> The data
━━━━━━━━━━━━━━━━
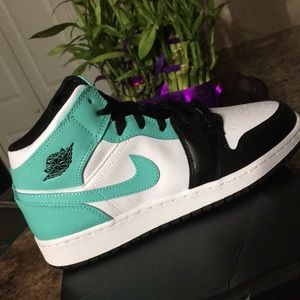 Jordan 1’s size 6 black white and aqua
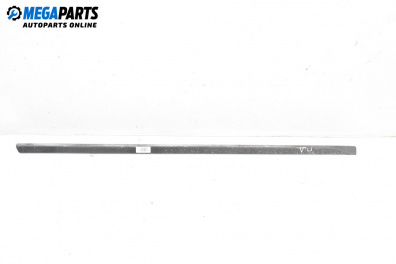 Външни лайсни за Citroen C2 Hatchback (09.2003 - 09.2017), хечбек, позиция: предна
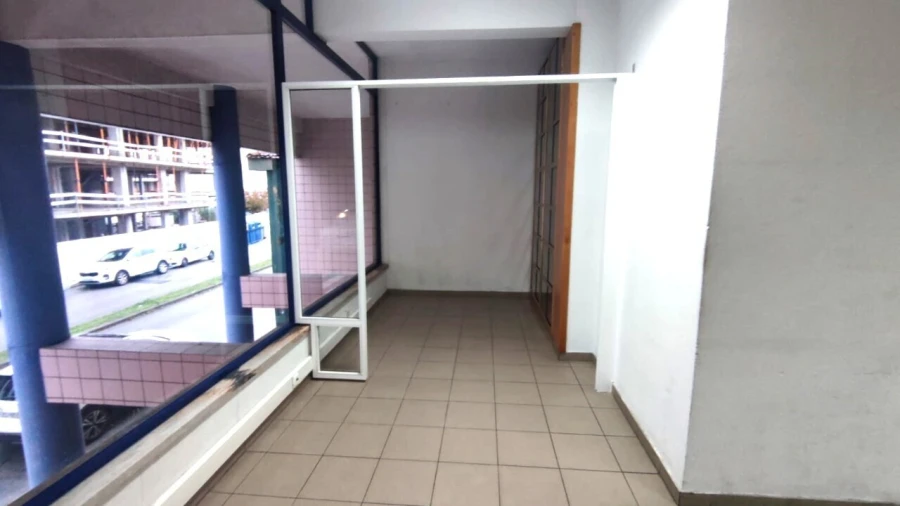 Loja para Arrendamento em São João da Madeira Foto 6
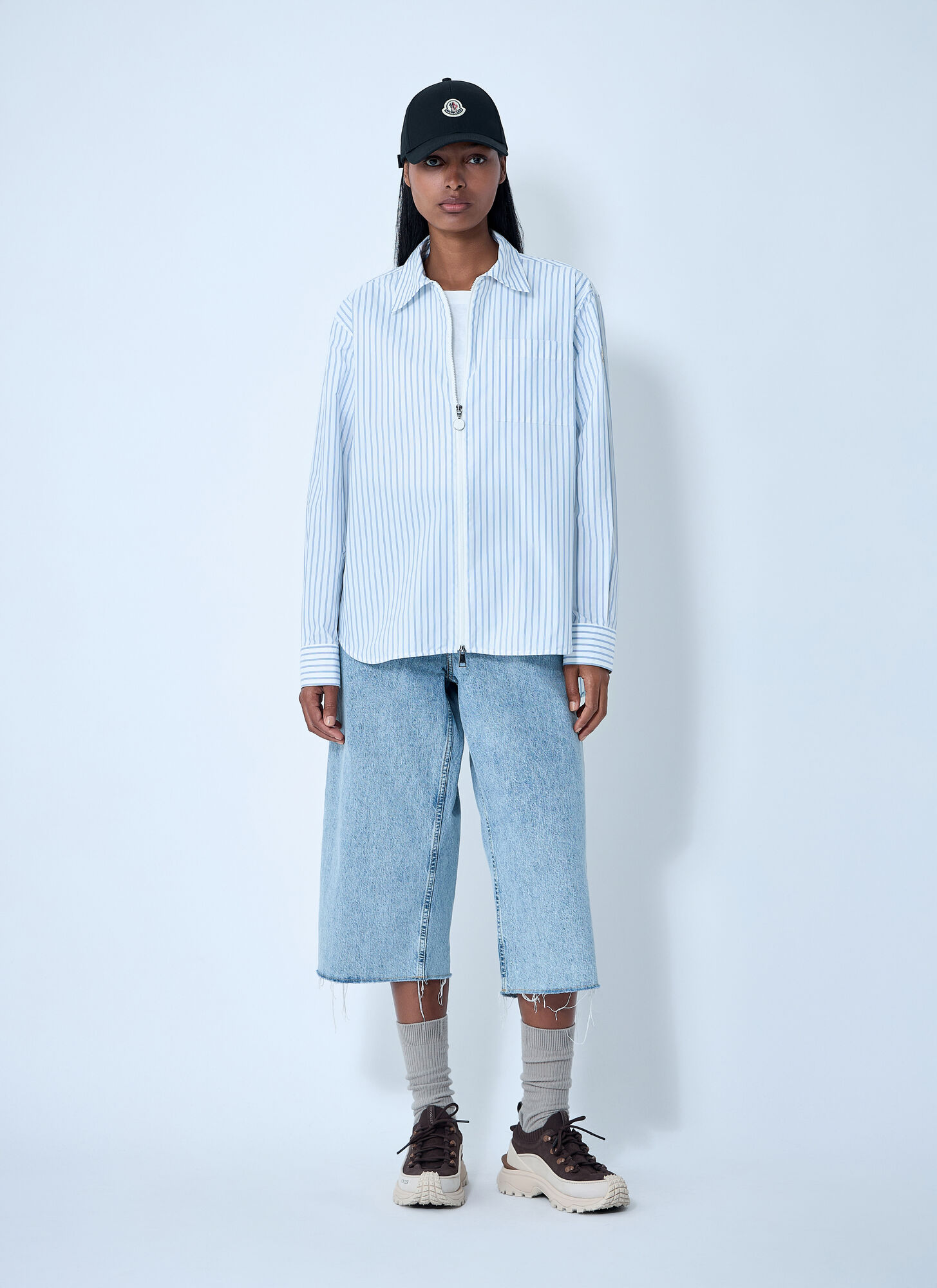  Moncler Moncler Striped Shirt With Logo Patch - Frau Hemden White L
━━━━━━━━━━━━━━━━
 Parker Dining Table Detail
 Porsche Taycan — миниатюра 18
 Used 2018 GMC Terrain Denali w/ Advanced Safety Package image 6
━━━━━━━━━━━━━━━━
Using the records above, print exactly the lines between the ones containing "Loja para Arrendamento" and "Moncler Moncler Striped", inclusive, and nothing else; no pictures.

> Task result
 Loja para Arrendamento em São João da Madeira Foto 6
  Moncler Moncler Striped Shirt With Logo Patch - Frau Hemden White L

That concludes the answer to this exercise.